| Assignment |
What needs reproducing is the run of lines in the data below starting at the line with "Elegant Rhinestone Flower" and ending at the line with "Bath - 1756", both ends included. Copy it exactly, without pictures, and add nothing.
----- Excerpted records
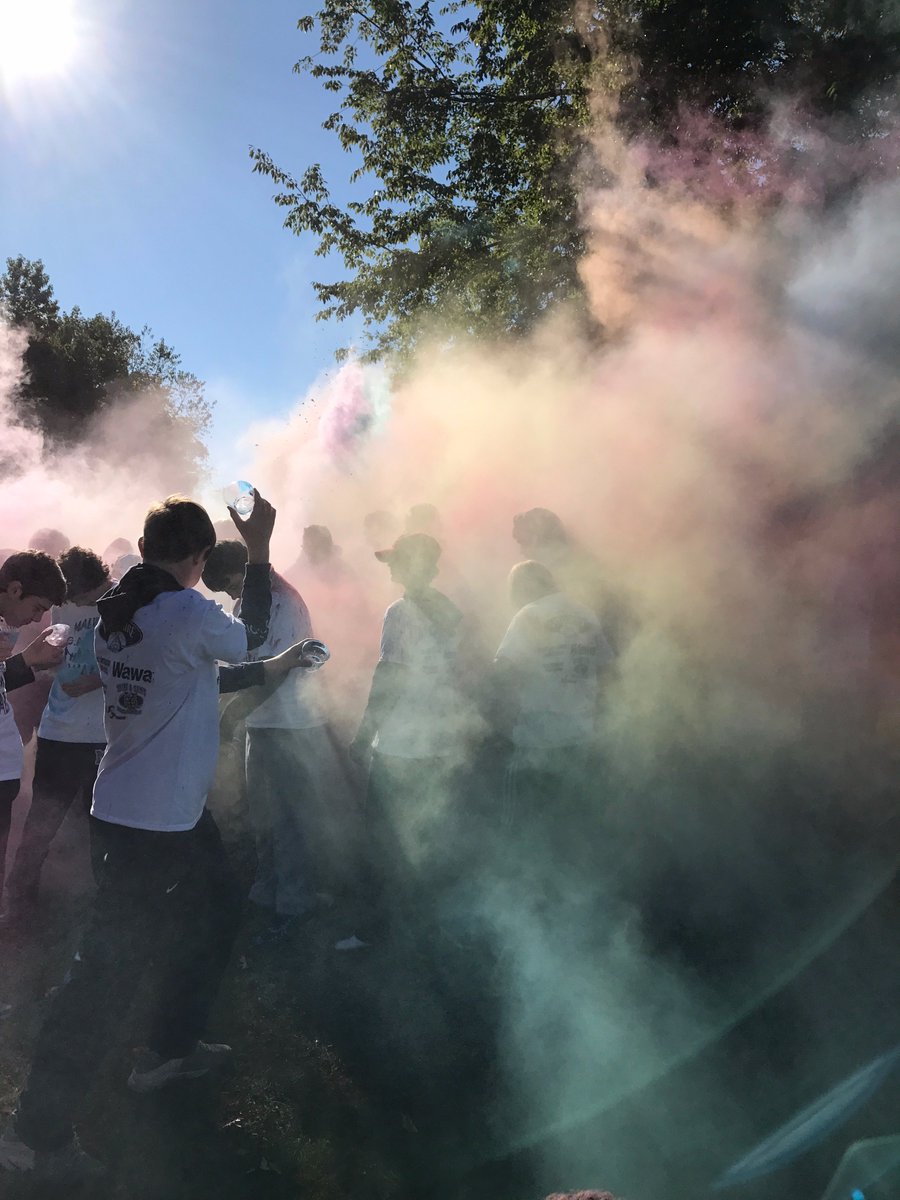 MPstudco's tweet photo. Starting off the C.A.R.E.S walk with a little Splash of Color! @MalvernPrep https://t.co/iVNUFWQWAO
----------
----- Excerpted records
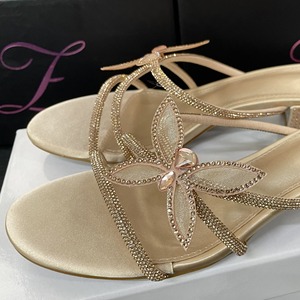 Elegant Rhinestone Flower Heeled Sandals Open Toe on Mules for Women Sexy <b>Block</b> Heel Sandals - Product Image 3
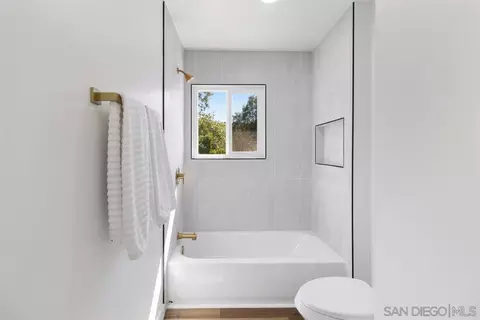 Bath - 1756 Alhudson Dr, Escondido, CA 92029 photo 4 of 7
----------
----- Excerpted records
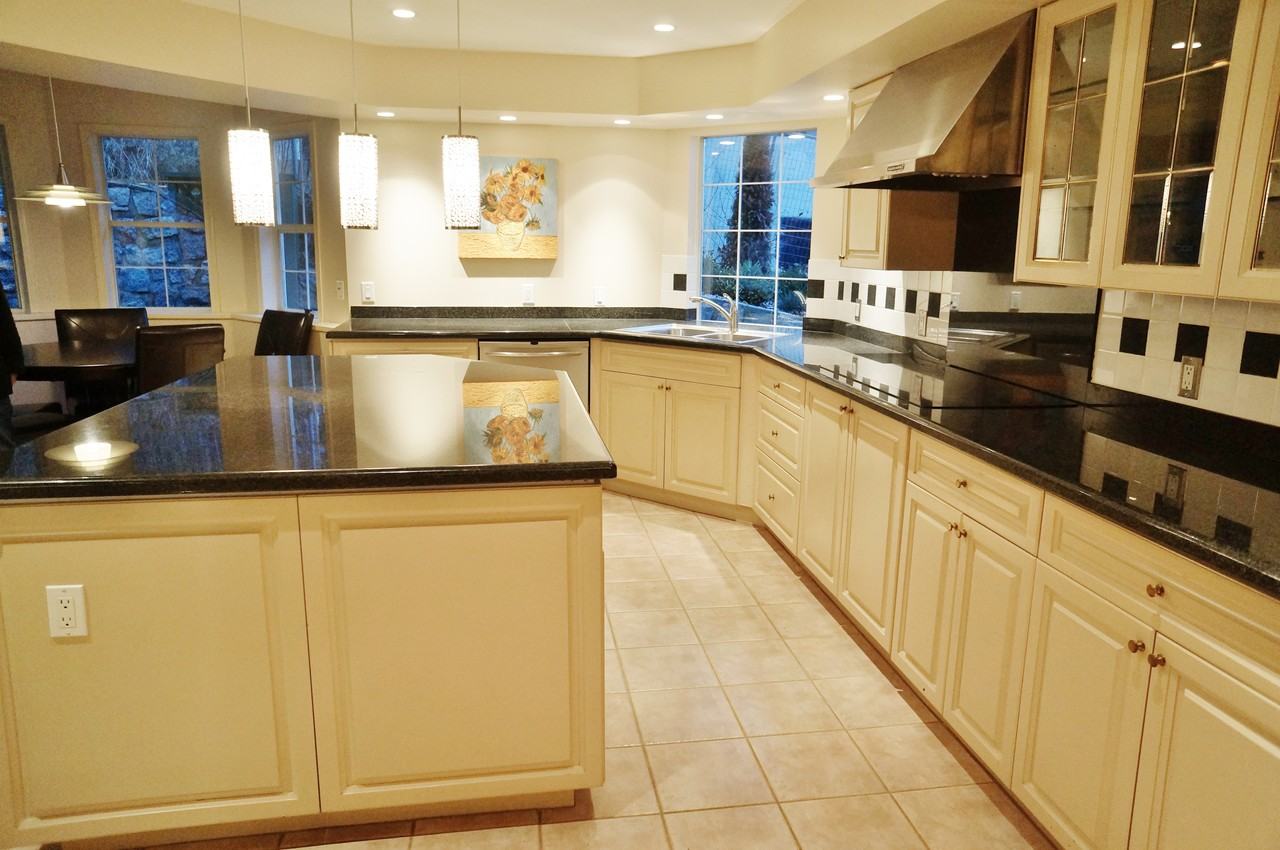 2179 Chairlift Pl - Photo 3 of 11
----------
| Exercise result |
 Elegant Rhinestone Flower Heeled Sandals Open Toe on Mules for Women Sexy <b>Block</b> Heel Sandals - Product Image 3
 Bath - 1756 Alhudson Dr, Escondido, CA 92029 photo 4 of 7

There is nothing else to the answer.